> [Task item]: Would you return each entry exactly as written, omitting any pictures?

(Short web captions)
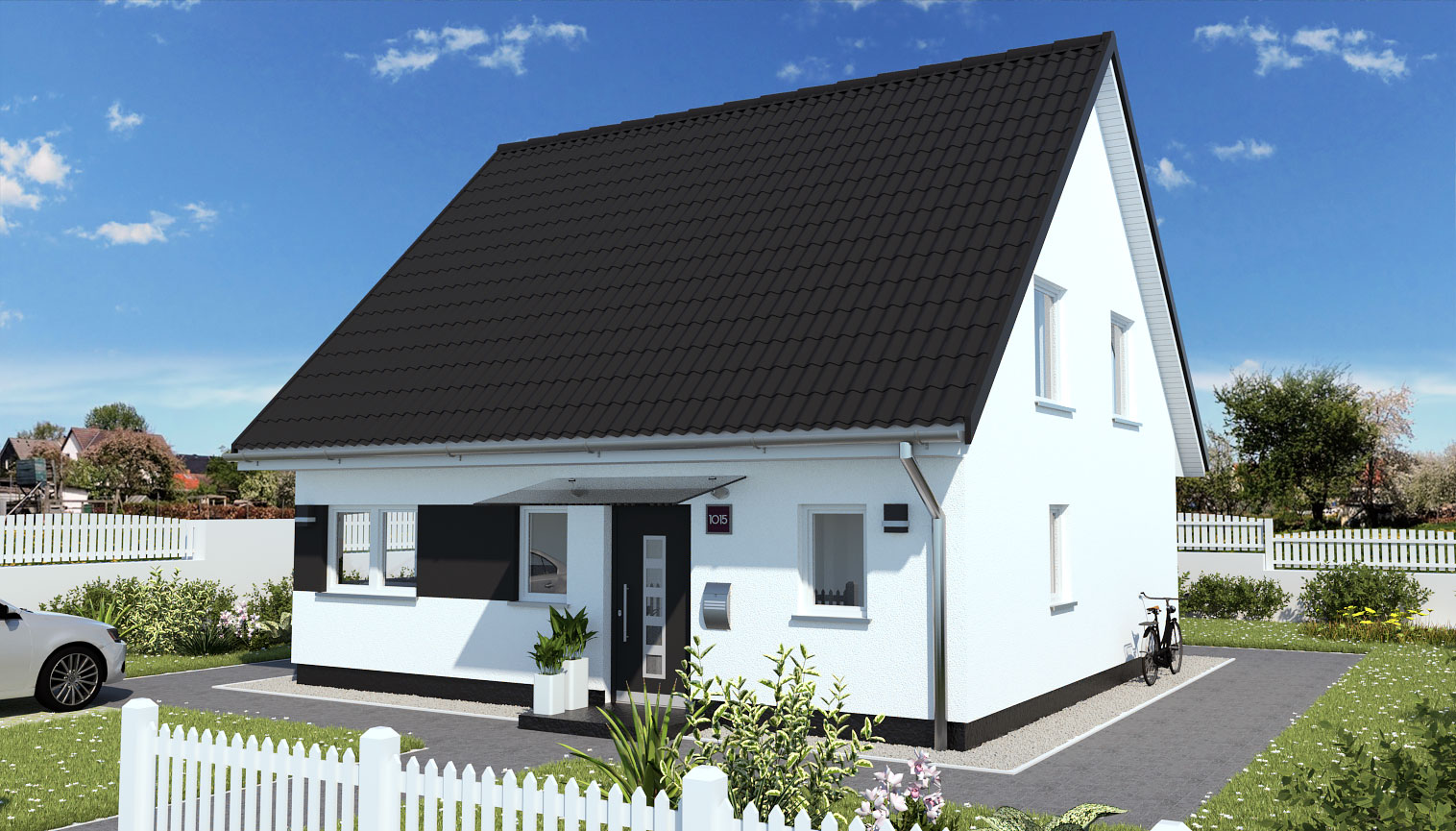 EWA-Landhaus-Flaeming-119qm-Hausbau-Berlin-Brandenburg-Magdeburg-Vorderansicht EWA-Landhaus Flaeming 119qm Hausbau Berlin Brandenburg Magdeburg Vorderansicht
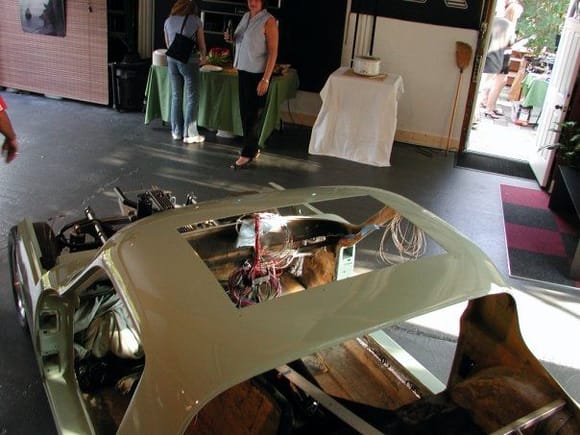 When I was restoring my TVR. Displayed during my annual "car Party" a few years back.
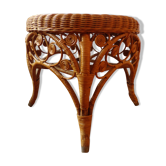 Stool or small table rattan peacock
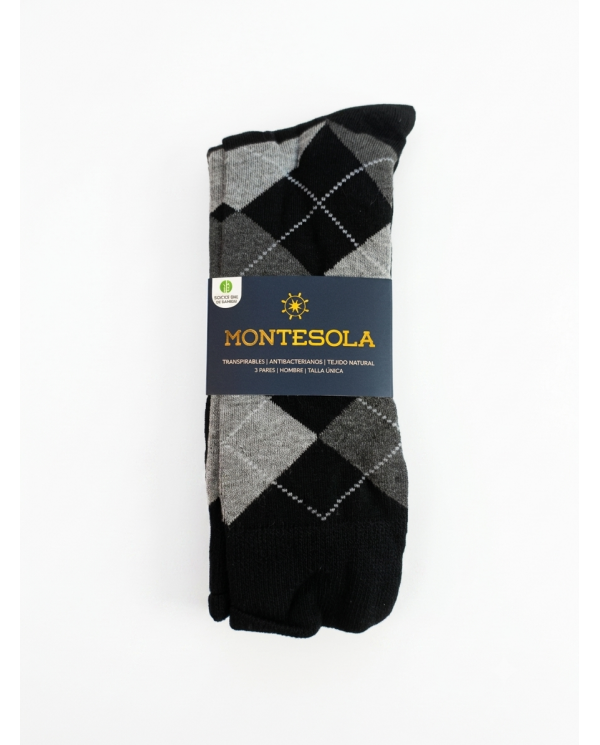 PACK 3 CALCETINES MONTESOLA HOMBRE FLAG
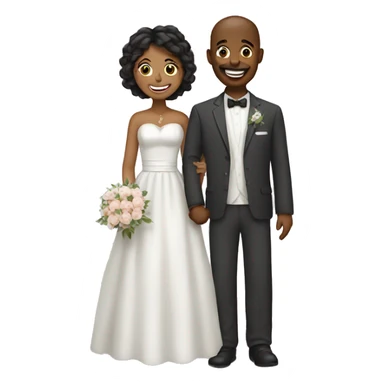 happy married couple sticker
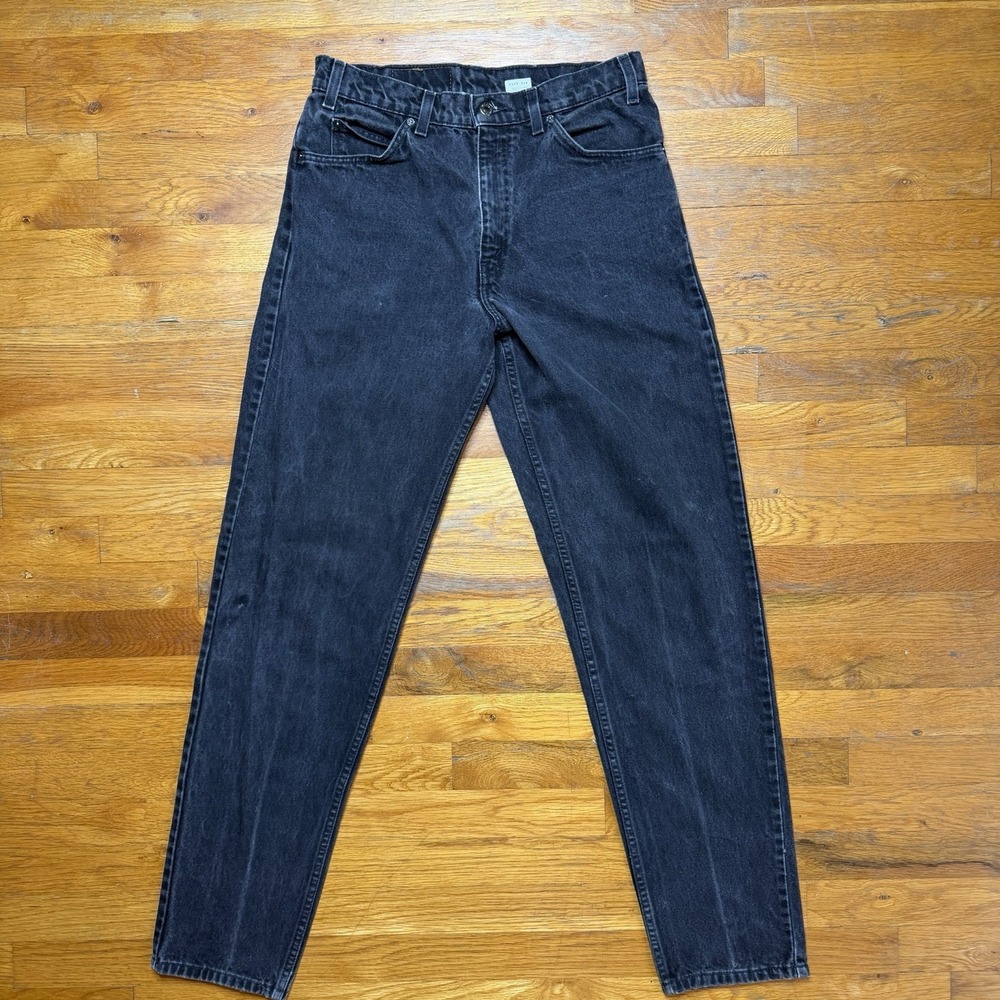 Vintage Levis 550 Orange Tab Jeans Mens 32x34 Black 90s Red‎ Batwing 1996 Mexico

> [Answer space]:
 EWA-Landhaus-Flaeming-119qm-Hausbau-Berlin-Brandenburg-Magdeburg-Vorderansicht EWA-Landhaus Flaeming 119qm Hausbau Berlin Brandenburg Magdeburg Vorderansicht
 When I was restoring my TVR. Displayed during my annual "car Party" a few years back.
 Stool or small table rattan peacock
 PACK 3 CALCETINES MONTESOLA HOMBRE FLAG
 happy married couple sticker
 Vintage Levis 550 Orange Tab Jeans Mens 32x34 Black 90s Red‎ Batwing 1996 Mexico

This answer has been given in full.